LAWS(KER)-2015-3-358

ASSYRIAN CHARITIES KURIES LTD Vs. JAMES C JOSEPH

Decided On March 06, 2015
ASSYRIAN CHARITIES KURIES LTD Appellant
V/S
JAMES C JOSEPH Respondents

JUDGEMENT

(1.) Can it be held that a notice of Extraordinary General body Meeting (EGM) sent to the shareholders by ordinary post in the registered address is sufficient service in terms of Section 53(2)(a) of the Companies Act, 1956 (in short, "the Act") and if so, whether the court below erred in holding that the EGM convened on 24.12.2011 was bad for want of notice These are the main questions raised for decision.

(2.) Heard the learned counsel for the appellants and the learned counsel for the respondents.
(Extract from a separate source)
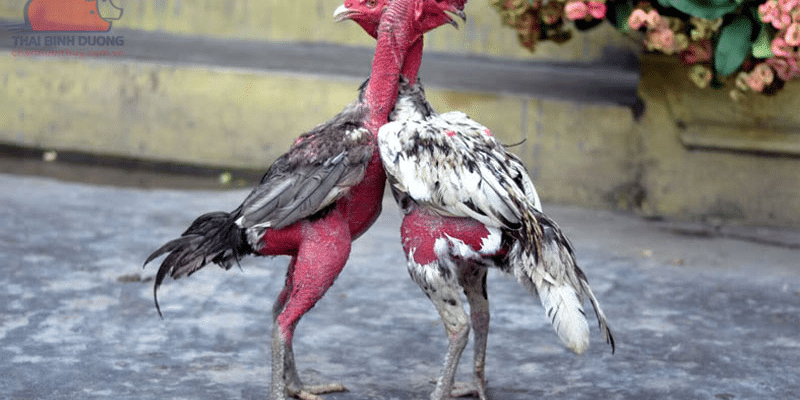 Sử dụng thuốc tăng bo cho gà đá với liều lượng phù hợp 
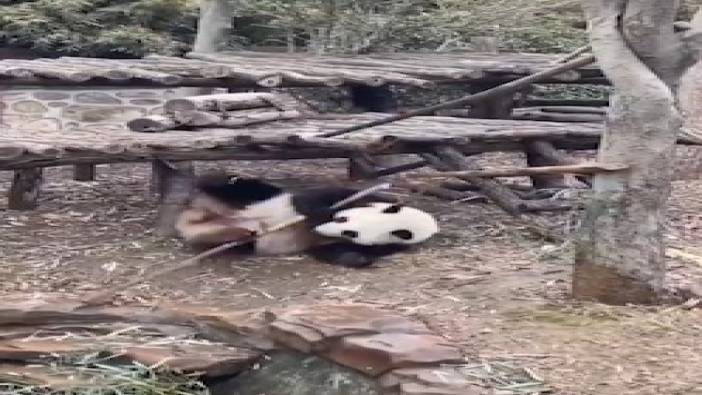 Sinirden ne yapacağını bilmeyen panda kırdı geçirdi!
(3.) Brief facts are as follows: Appellants are the defendants in the suit. Plaintiffs are the contesting respondents. 1st defendant company is a public limited company registered under the Act. Manager of the company is the 2nd defendant and Chairman is the 3rd defendant. Defendants 4 to 11 are the Directors. 1st plaintiff is a shareholder of the company and plaintiffs 2 to 4 are the Directors elected in an EGM held on 22.01.2012. As per the EGM, defendants 3 to 11 were removed from the post of Directors. 1st plaintiff demanded to call an EGM and notice was given on 11.11.2011. 2nd defendant accepted the notice on behalf of the company. 1st defendant is bound to call an EGM within 21 days after giving notice to the shareholders. Since the 1st defendant failed to call an EGM, 1st plaintiff issued notice to the 3rd defendant on 06.12.2011. 1st defendant company issued a registered notice on 02.01.2012 to the 1st plaintiff in which it was informed that an EGM was held on 24.12.2011. The meeting alleged to have been convened on 24.12.2011 without notice is legally unsustainable. Therefore, the suit for declaration and injunction was filed.